Married same-sex couples can now file federal taxes as married

NEW YORK, NY - JUNE 30: Edie Windsor, who successfully sued the United States government over the constitutionality of the Defense of Marriage Act (DOMA), waves to revelers while riding in the New York Gay Pride Parade on June 30, 2013 in New York City. This year's parade was a particularly festive occasion, due to the recent Supreme Court Ruling that it was unconstitutional to ban gay marriage. (Photo by Andrew Burton/Getty Images) Andrew Burton

Following the Supreme Court decision striking down a key portion of the Defense of Marriage Act (DOMA), the Treasury Department and the IRS announced Thursday it will start recognizing legally married same-sex couples for federal tax purposes.

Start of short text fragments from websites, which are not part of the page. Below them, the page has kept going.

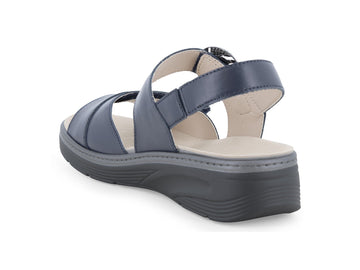 Melluso Sandalo Pelle Blu - Dettaglio tacco 019283-255937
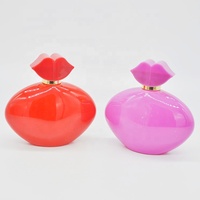 Flacon de parfum en verre pour le cou, bouteille OEM de haute qualité, rose et rouge, 100ml, avec pulvérisateur à pompe, livraison gratuite
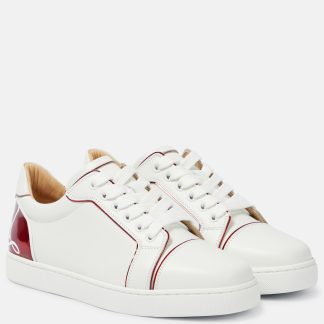 fashion designer Christian Louboutin Vieira Orlato leather sneakers in white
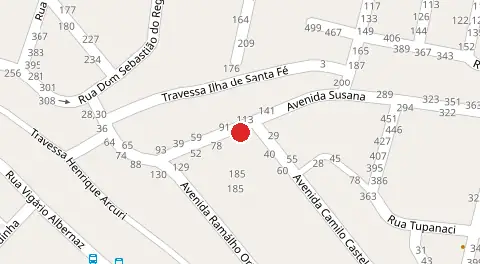 Mapa da localização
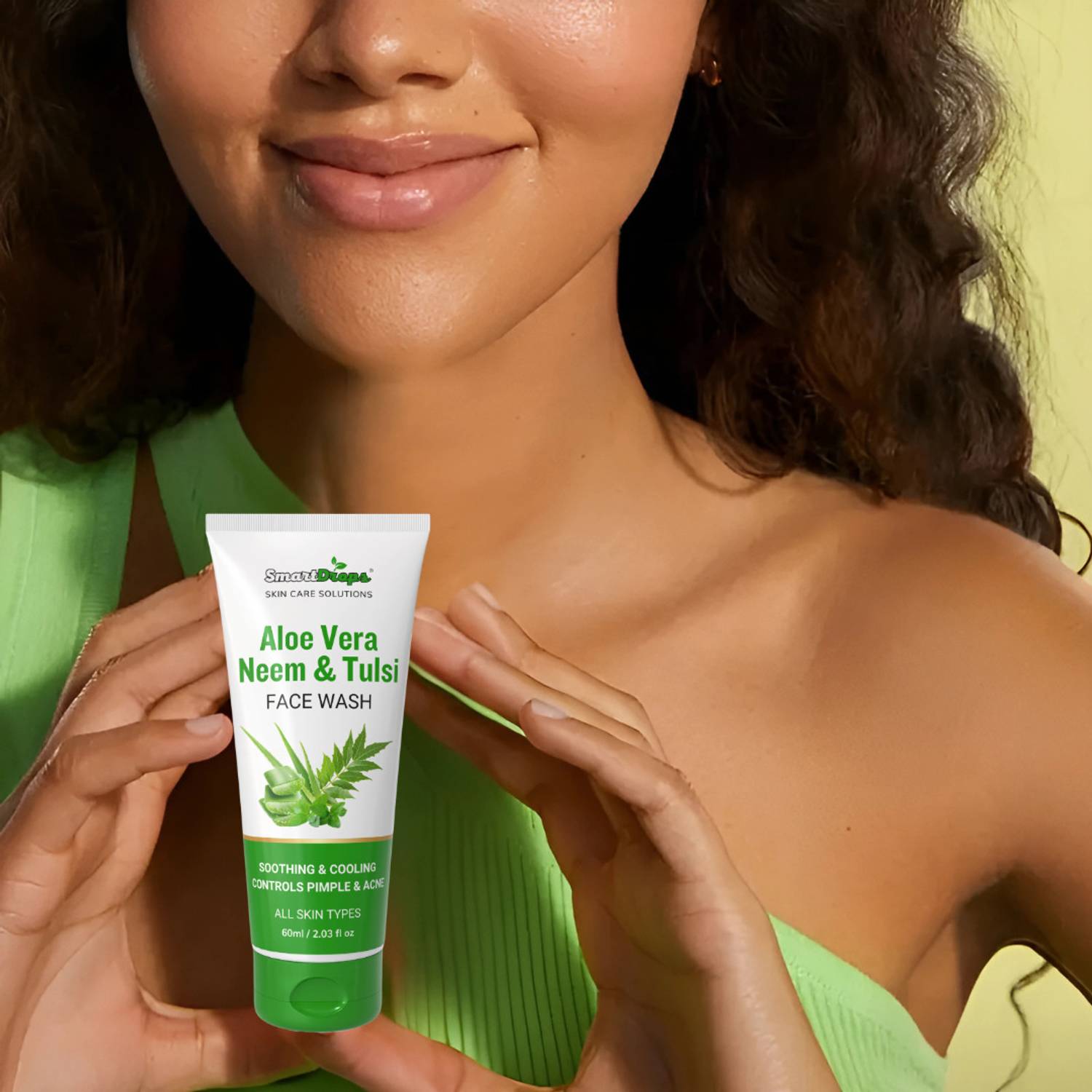 smartdrops Aloe Vera Facewash For Skin Whitening - Image 3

The ruling applies to couples legally married in any of the 13 states that recognize same-sex marriage (or in Washington, D.C.). It applies regardless of whether the couple in question lives in one of those states or elsewhere.

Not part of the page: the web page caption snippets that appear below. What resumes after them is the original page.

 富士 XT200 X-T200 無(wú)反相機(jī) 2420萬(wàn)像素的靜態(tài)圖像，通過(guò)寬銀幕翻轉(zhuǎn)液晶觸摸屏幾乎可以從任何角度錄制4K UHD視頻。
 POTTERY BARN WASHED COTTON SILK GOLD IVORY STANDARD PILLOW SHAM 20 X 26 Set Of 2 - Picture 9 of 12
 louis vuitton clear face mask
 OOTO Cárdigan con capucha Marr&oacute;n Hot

"Today's ruling provides certainty and clear, coherent tax filing guidance for all legally married same-sex couples nationwide," Treasury Secretary Jack Lew said in a statement. "It provides access to benefits, responsibilities and protections under federal tax law that all Americans deserve. This ruling also assures legally married same-sex couples that they can move freely throughout the country knowing that their federal filing status will not change."

The are a number of federal tax provisions where marriage is a factor, such as filing status, claiming personal and dependency exemptions, taking the standard deduction, employee benefits, contributing to an IRA, and claiming the earned income tax credit or child tax credit.

When the Supreme Court ruled in June that the federal government cannot deny benefits to legally married same-sex couples, it impacted a wide array of federal laws, including not only tax laws but Social Security benefits and family medical leave, among other things.